* _Recorded information_:
******

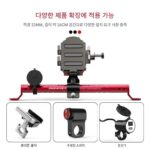 전기 스쿠터 백미러 개조 부품 크로스바 밸런스 풀로드 다기능 내비게이션 강화 확장 브라켓 - 이미지 2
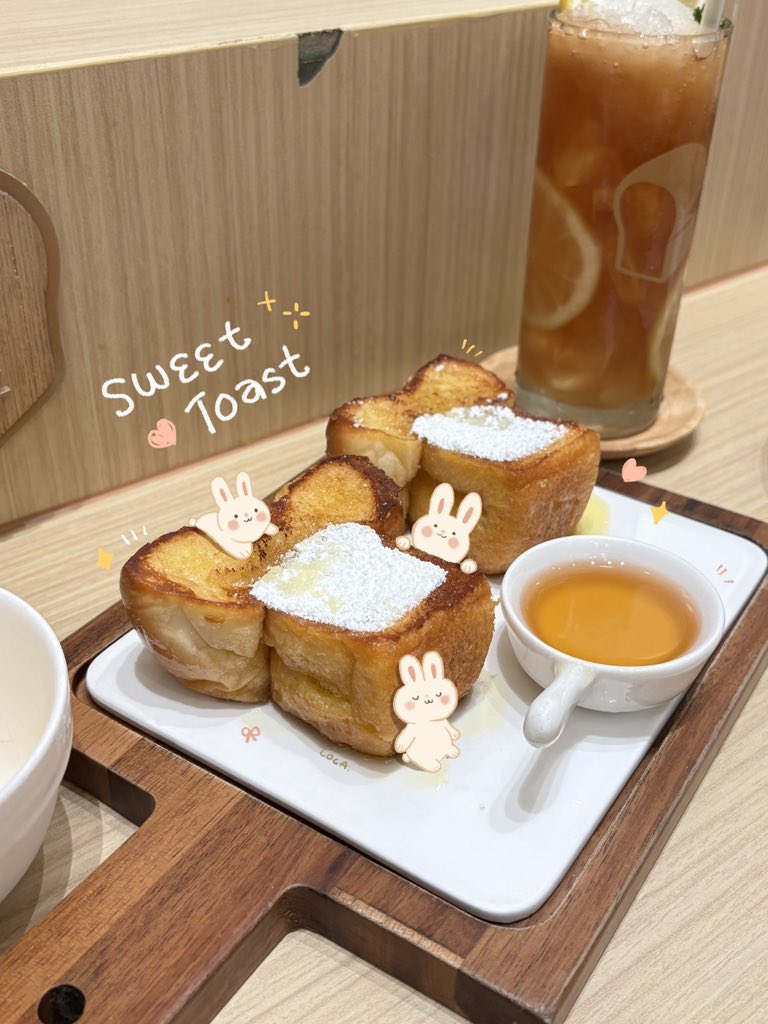 imlolaaaaa's tweet photo. กินหนมกันๆ 🍞✨ https://t.co/bAy3RH3WZi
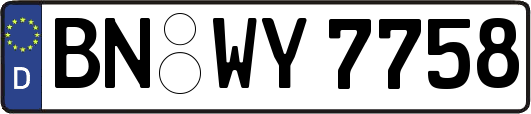 BN-WY7758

******

* _Task prompt_:
Your task is an exact transcription of all the data, minus the pictures.

* _Solution for this exercise_:
 전기 스쿠터 백미러 개조 부품 크로스바 밸런스 풀로드 다기능 내비게이션 강화 확장 브라켓 - 이미지 2
 imlolaaaaa's tweet photo. กินหนมกันๆ 🍞✨ https://t.co/bAy3RH3WZi
 BN-WY7758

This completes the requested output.